- Data below -
━━━━━━━━━━━━━━━━
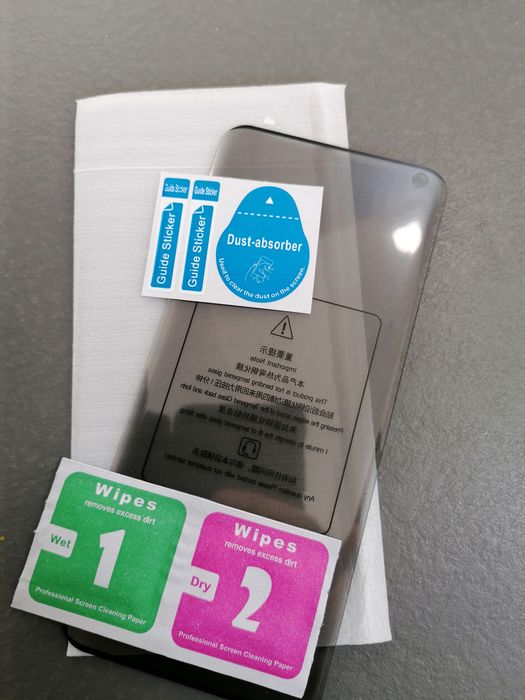 Folie sticlă curbata ONE Plus 11, 12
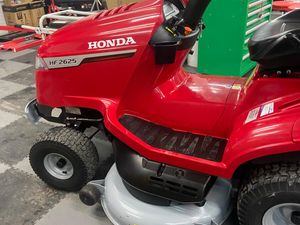 Honda HF2625 Lawnmower *MINT CONDITION* - Image 2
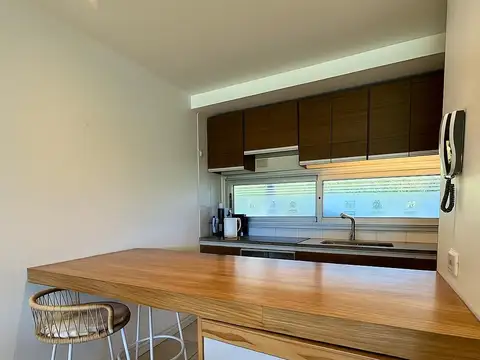 Departamento en Alquiler con 1 cocheras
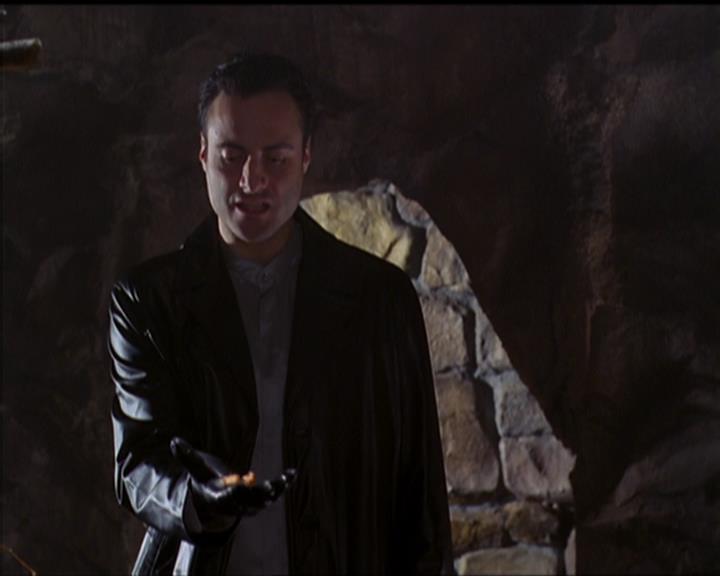 Charmed-Online-dot-517LuckyCharmed0514.jpg Charmed-Online-dot-517LuckyCharmed0514.jpg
━━━━━━━━━━━━━━━━
- Required action -
Could you reproduce exactly the lines running from the one with "Departamento en Alquiler con 1 cocheras" through the final line of the listing above, both included, and drop the pictures?

- Answer box -
 Departamento en Alquiler con 1 cocheras
 Charmed-Online-dot-517LuckyCharmed0514.jpg Charmed-Online-dot-517LuckyCharmed0514.jpg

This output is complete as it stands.